Originally published at SpoutBlog:
4 Gay-For-Pay Action Heroes
Attending the press conference for Gus Van Sant’s biopic “Milk,” I had a Eureka moment that revealed my own naivety. A woman had asked Van Sant about his creative casting decisions, not just in choosing straights to play all the major gay characters (including a stunning Sean Penn as the gay civil rights leader Harvey Milk), but also in selecting the talented and out Denis O’Hare to embody homophobe extraordinaire John Briggs (the face behind the Proposition 6/Briggs Initiative to kick gay and lesbian teachers out of California’s public schools). I waited anxiously for the director to expound upon what the press notes referred to as “sexual-preference-blind casting,” a subversive twist that relates to Milk’s own modus operandi of rejecting divisiveness regarding sexuality in favor of bringing people together (or as Milk protégé Danny Nicoletta puts it in the notes, “It doesn’t matter what side of the fence you fall on. In fact, just tear the fence down; we all live in the same world.”)
Instead I was taken aback by Van Sant’s candidness. The point wasn’t to use O’Hare in some sort of queer jujitsu to sidestep criticism from the likes of Harvey Fierstein (who’s compared the casting of straights in gay roles to blackface), but simply to get as many homos involved as possible. Thus he wasn’t casting O’Hare so much in a straight role as in a small role. Or as the director so delicately put it, no gay actors have the “box office stature” that was required to get the film made. O’Hare either played straight or he didn’t play at all.

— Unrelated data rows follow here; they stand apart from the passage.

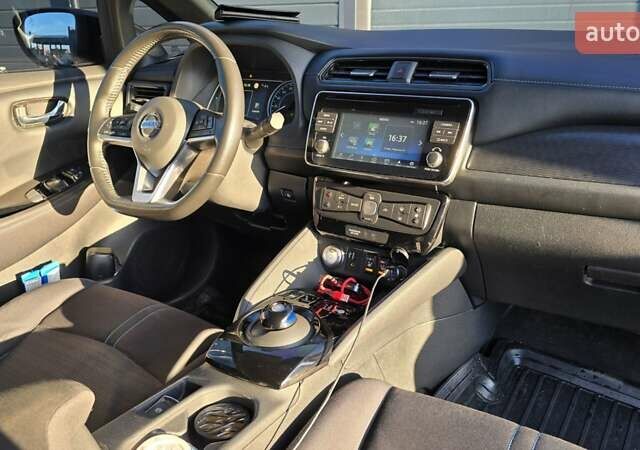 Чорний Ніссан Ліф, об'ємом двигуна 0 л та пробігом 153 тис. км за 14400 $, фото 19 на Automoto.ua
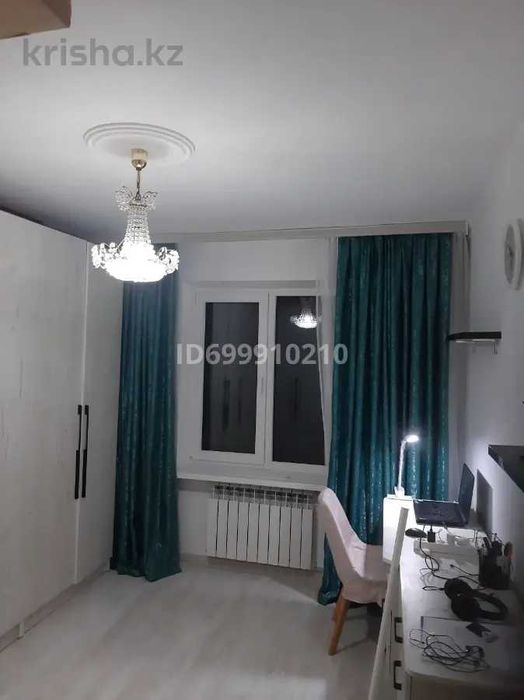 Продам трехкомнатную квартиру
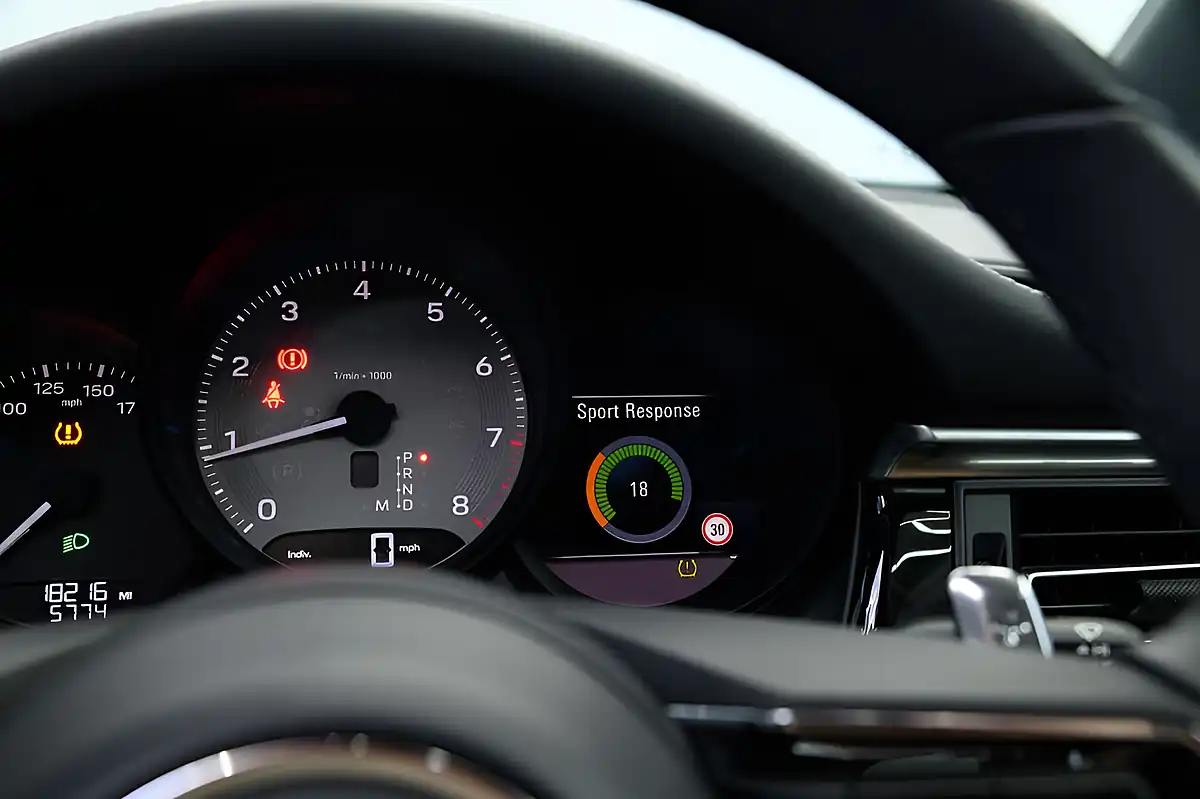 Used 2022 Porsche Macan S Black - Interior and Exterior details 20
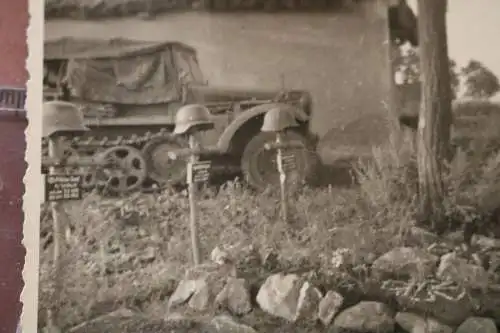 altes Foto - Soldatengräber - SdKfz Halbkette - Russland ???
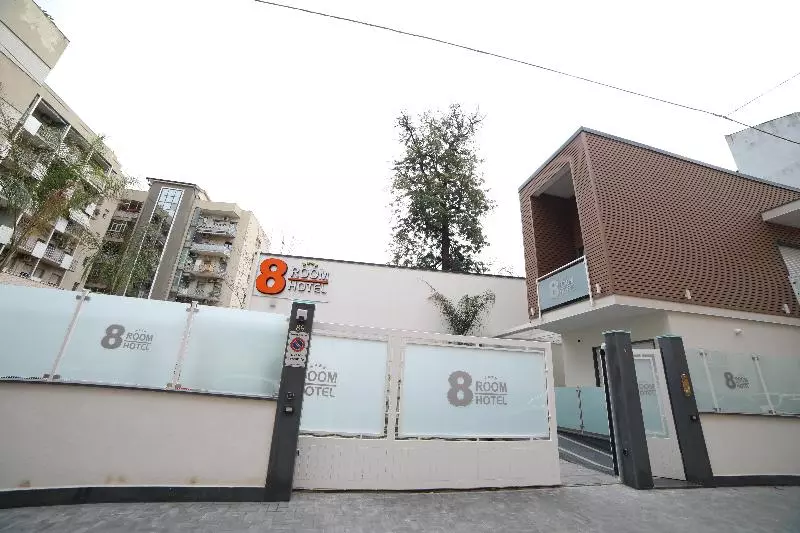 هتل 8 Room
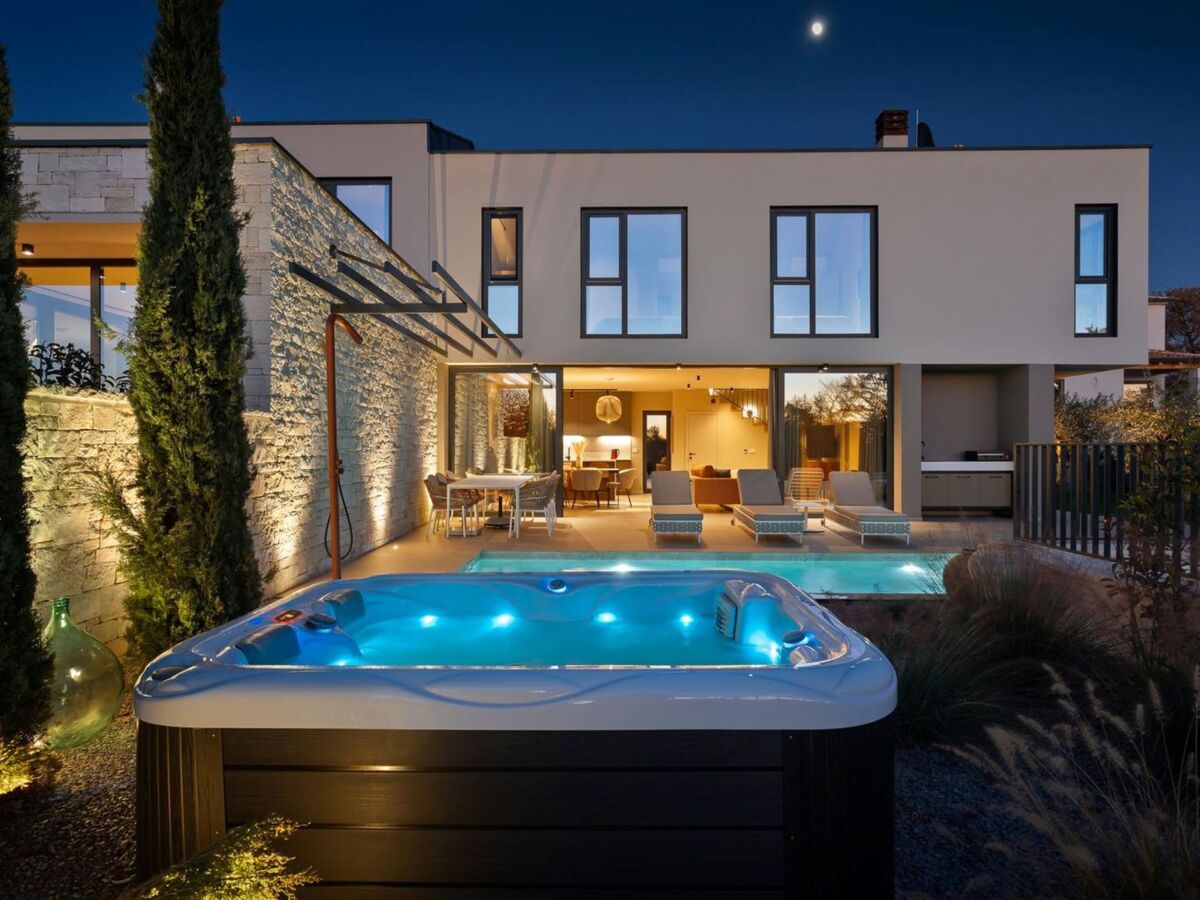 Maison Tia 2 : piscine chauffée privée à Poreč - Photo 1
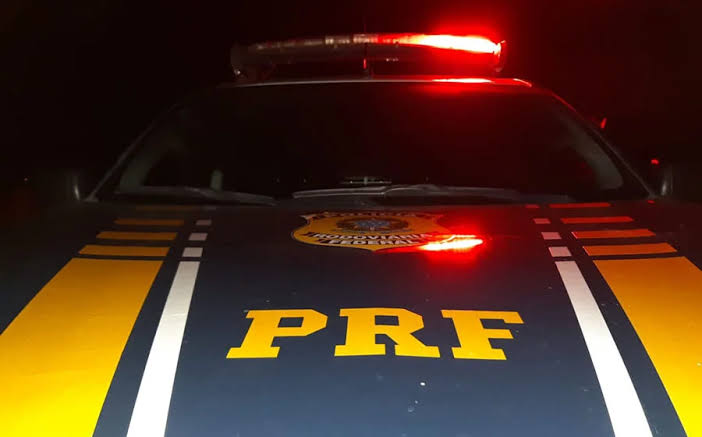 Assalto termina com duas mortes após perseguição e incêndio de veículo na BR-392, em Cerro Largo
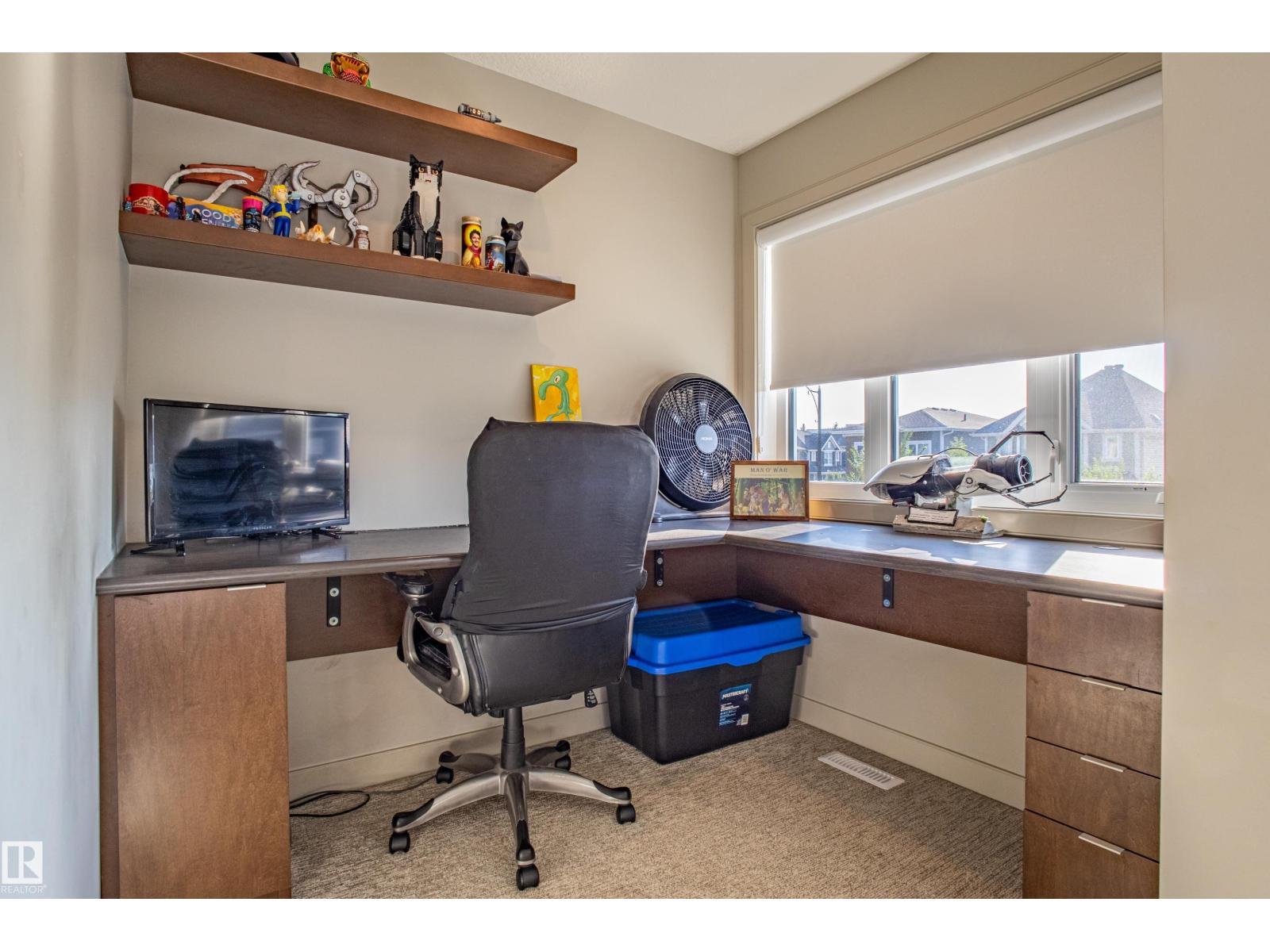 6013 Naden Ld Nw, Edmonton, AB - Indoor Photo Showing Office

In other words, one of the few industries left in which gay white men (actors) don’t make pay (i.e., wield power) equal to that of their hetero counterparts has churned out a movie about a gay white man who demanded equal rights. Which is ironic enough. And yet even while homo thespians don’t make the serious money in Hollywood some of the biggest box office draws have been allowed to play gay!
To wit:
Russell Crowe
Yes, Maximus was once a friend of Dorothy. Fresh on the heels of his notoriously sexy turn as a neo-Nazi skinhead in “Romper Stomper,” Russell Crowe starred in Geoff Burton and Kevin Dowling’s 1994 “The Sum of Us,” playing Jeff Mitchell, a young Australian looking for Mr. Right as his dad searches for the woman of his own straight dreams. Crowe plays gay okay if lukewarm. (A homo “Gladiator” would have been way hotter.)
Will Smith
Yup, Hancock liked cock. In Fred Schepisi’s 1993 “Six Degrees of Separation” Smith played Paul, a gay hustler posing as the son of Sidney Poitier. Or at least that’s what I’ve heard. To be honest, I can’t bring myself to watch “Six Degrees of Separation” because the idea of Smith playing gay just feels, well, as wrong as Harvey Fierstein doing Tevye on Broadway (whereas Jeffrey Wright as Belize in “Angels in America” felt oh-so-right).
Matt Damon
Though Jason Bourne does make for a fine gay hustler, in Anthony Minghella’s 1999 “The Talented Mr. Ripley” Damon plays Tom Ripley, a natural born killer and con artist with the hots for Jude Law’s Dickie. Damon is convincing playing gay, but then the homosexual nature of the role is beside the main point that snotty richies shouldn’t screw with psychos of any persuasion. Would have gotten bonus points if Tom and Dick had actually got it on.
Daniel Craig
What? You thought I was going to pass up the opportunity to talk about James Bond? In John Maybury’s 1998 “Love Is the Devil: Study for a Portrait of Francis Bacon,” Daniel Craig plays Bacon’s lover George Dyer, a sizzling piece of rough trade that Bacon picks up in his own apartment (Dyer was burglarizing the pad – how hot is that?!) The filmmaking, artsy and overwrought, can be forgiven since Craig as dominant Dyer takes off his clothes. And the stylish, soft-core poster of a nearly naked Craig lighting up on a bed is number two on my holiday wish list. (Right after a nearly naked Craig lighting up on my bed.)